» Given data:
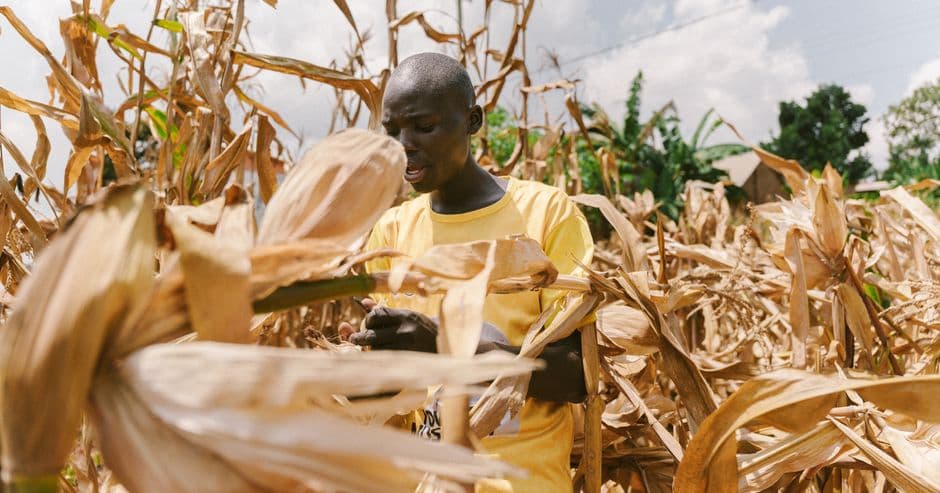 A farmer in a yellow shirt checks the cobs in a stand of dry maize ready for harvest, Uganda.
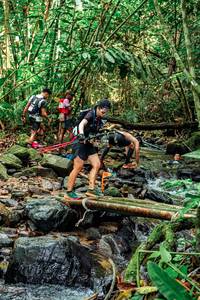 BIB: 
                            <button type="button" onclick="openModal(24774229)" class="btn btn-primary btn-sm float-right btn-popup" data-toggle="modal" data-target=".modal-high-quality">
                        <i class="fas fa-shopping-cart"></i> Add to Cart
                    </button>
                                            <button type="button" onclick="isThisMe(24774229, true)" class="btn btn-success btn-sm float-right btn-popup btn-isme hidden" data-toggle="tooltip" data-placement="bottom" title="นี่คือรูปของคุณใช่ไหม คลิกที่นี่เพื่อเอาเข้าอัลบั้ม">
                        <i class="fas fa-plus"></i> Add to album
                    </button>
                    <button type="button" onclick="isThisMe(24774229, false)" class="btn btn-warning btn-sm float-right btn-popup btn-isnotme hidden">
                        <i class="fas fa-ban"></i> Remove from album
                    </button>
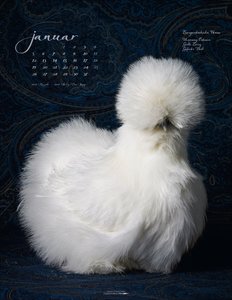 Pretty Chicks 2026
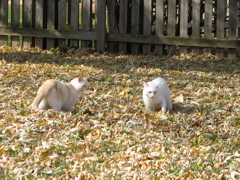 Wyatt & Casper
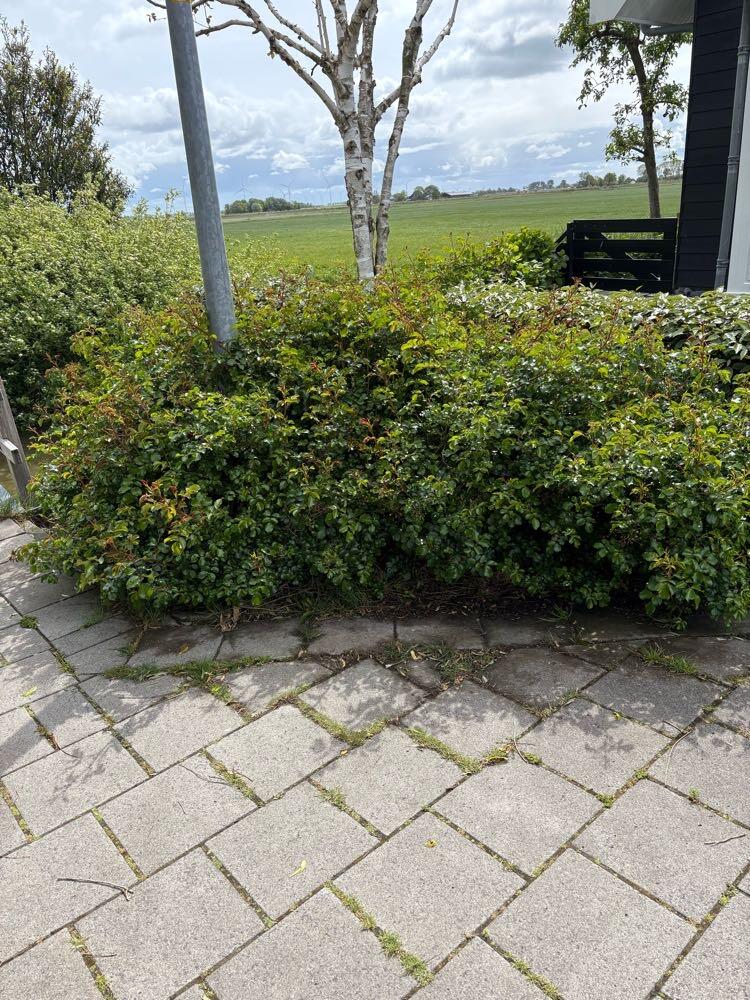 Foto bij melding 5107740 · Openbaar groen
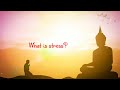 If you are in stress then relax and watch this  buddha quotes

» Activity:
From the line that contains "Remove from album" to the last line of the data, print each line exactly, both ends included, and omit the pictures.

» Result:
                        <i class="fas fa-ban"></i> Remove from album
                    </button>
 Pretty Chicks 2026
 Wyatt & Casper
 Foto bij melding 5107740 · Openbaar groen
 If you are in stress then relax and watch this  buddha quotes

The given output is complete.